It should be noted that, the matching algorithm of the bipartite graph can refer to the prior art, refer to Wang Junli, zhou Qing, yang Yaxing for details, a text semantic similarity analysis method [ P ]. Shanghai city, CN106547739B,2019-04-02. The present invention uses key sentences rather than topics as nodes. That is, if the similarity of the two key sentences is greater than the set threshold, the two sentences are bordered. After iteration, a bipartite graph is finally generated. The nodes of the two-part graph represent sentence numbers in the research report, and the edges represent the similarity relationship of two sentences. The method comprises the steps of firstly calculating the output degree of each node, namely the number of edges taking the node as an endpoint, then taking the node as a representation of the content of information in corresponding sentences, and selecting a key sentence set with the highest content of information but the least number of sentences as a key sentence set after fusion of a plurality of research reports through a greedy algorithm.
Further, the similarity calculation formula between the key sentences is as follows;
For cosine similarity based on semantic computation, the vector representation of each key sentence is computed by a Monte-sub pre-training modelTherein, whereinThe number of key sentences, x is a positive integer, and then the cosine similarity between vectors is calculated, wherein the specific formula is that
;
For the similarity calculated based on the anchor points, it can be confirmed by a numerical comparison mode or a character comparison mode,A weight coefficient representing the similarity calculated based on the anchor point.

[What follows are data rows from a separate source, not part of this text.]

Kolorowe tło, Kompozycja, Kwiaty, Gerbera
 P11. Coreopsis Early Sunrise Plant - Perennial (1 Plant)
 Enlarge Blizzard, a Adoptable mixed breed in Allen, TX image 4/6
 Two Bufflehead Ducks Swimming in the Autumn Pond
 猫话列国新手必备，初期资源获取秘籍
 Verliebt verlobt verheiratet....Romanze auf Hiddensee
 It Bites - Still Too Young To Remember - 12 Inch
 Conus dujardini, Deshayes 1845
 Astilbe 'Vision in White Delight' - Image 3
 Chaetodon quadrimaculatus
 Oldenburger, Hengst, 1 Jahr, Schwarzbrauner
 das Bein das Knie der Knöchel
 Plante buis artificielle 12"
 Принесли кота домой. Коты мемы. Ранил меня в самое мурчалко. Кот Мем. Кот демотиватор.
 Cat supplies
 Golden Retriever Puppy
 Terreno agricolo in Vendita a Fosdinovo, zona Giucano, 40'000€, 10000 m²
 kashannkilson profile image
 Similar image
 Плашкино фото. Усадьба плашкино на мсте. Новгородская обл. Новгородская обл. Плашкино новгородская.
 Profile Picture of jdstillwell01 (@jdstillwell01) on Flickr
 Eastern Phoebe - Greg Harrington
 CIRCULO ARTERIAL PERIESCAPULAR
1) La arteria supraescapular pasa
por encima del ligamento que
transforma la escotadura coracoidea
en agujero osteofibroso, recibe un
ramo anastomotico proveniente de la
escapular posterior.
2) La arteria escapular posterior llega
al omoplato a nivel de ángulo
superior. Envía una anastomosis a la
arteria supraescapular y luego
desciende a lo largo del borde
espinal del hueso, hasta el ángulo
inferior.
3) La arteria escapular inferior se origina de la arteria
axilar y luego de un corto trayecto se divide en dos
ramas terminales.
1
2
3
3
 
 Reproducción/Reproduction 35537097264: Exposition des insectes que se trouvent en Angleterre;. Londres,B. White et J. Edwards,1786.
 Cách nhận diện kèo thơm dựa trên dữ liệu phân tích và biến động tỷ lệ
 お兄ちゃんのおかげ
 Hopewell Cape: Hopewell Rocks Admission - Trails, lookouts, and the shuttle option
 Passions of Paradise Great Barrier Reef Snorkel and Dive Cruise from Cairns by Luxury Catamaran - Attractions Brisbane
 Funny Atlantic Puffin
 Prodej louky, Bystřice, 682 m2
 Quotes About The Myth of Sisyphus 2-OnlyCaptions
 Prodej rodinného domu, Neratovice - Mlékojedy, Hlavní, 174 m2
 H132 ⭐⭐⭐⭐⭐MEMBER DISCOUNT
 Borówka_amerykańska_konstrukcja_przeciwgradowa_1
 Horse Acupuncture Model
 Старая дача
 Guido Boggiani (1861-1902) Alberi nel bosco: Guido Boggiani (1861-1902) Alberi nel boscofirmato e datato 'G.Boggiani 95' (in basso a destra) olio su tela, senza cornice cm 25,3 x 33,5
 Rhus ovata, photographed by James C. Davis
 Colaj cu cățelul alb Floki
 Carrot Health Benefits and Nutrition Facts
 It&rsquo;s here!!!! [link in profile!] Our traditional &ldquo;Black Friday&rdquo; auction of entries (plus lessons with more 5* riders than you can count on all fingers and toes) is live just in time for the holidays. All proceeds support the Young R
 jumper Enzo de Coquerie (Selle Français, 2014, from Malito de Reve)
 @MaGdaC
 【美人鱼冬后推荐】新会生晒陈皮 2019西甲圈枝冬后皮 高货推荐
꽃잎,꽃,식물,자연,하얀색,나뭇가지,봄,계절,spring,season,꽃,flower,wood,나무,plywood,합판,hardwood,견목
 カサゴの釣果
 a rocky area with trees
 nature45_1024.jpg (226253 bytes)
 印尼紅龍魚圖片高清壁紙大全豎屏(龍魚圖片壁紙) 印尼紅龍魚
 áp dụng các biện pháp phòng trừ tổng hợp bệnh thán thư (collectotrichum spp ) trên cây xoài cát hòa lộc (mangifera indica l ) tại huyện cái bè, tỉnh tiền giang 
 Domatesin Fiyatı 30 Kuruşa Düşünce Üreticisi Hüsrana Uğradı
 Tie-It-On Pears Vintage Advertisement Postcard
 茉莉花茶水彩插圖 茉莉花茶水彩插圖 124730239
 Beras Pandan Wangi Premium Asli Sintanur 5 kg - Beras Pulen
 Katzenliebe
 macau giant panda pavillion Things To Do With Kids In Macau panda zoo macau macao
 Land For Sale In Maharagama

It can be appreciated that the design is beneficial to enhancing the reliability of the similarity comparison result between key sentences, so as to enhance the readability of the sequenced texts, thereby enhancing the reading experience of users.
Further, in the part for calculating the similarity based on the anchor point, for the number comparison mode, only if the number is an important component part of the article content, the confirmation can be performed by the number comparison mode, and if the two sentences contain the same number, the two sentences are considered to be similar sentences.
Further, in the portion for calculating the similarity based on the anchor point, the similarity may be calculated by using an edit distance of two sentences, a longest common subsequence length, or an N-Gram similarity, for example, for the character comparison.
Further, in step S2, the arrangement of the key sentences is completed through a Monte-BERT pre-training model, and the Monte-BERT pre-training model can calculate the probability of the key sentences arranged at the ith position, and order the key sentences based on the calculation result, wherein i is a positive integer.
The Monte-BERT pre-training model adopts a pre-training task of sentence sequence prediction, so that a downstream task of inter-sentence consistency sequencing can be well adapted.
Referring to FIG. 6, the arrangement of key sentences is exemplified, giving three sentencesIs arranged into after random scramblingThe input samples to construct the Monte Carlo encoder are shown, where "[ CLS ]" represents the input sample initiator, ""Represents a start of a sentence,".."represents text content of a corresponding sentence," [ SEP ] "represents a separator (which may be regarded herein as an ending of an input sample). And then encodes it using a Monte-sub encoder to obtain
The hidden vectors of (a) are respectivelyIs provided with
It is used as the key vector K and the value vector V of the Monte decoderIs decoded as a query vector Q of a Monte decoder (MengziDecoder)And finally, obtaining through a pointer networkRepresenting the probability that the j-1 th sentence is arranged at the i-th position. Thus, the consistency sequencing of the three sentences is completed, and it can be understood that the sequencing of more than three sentences is the same as the sequencing of the three sentences.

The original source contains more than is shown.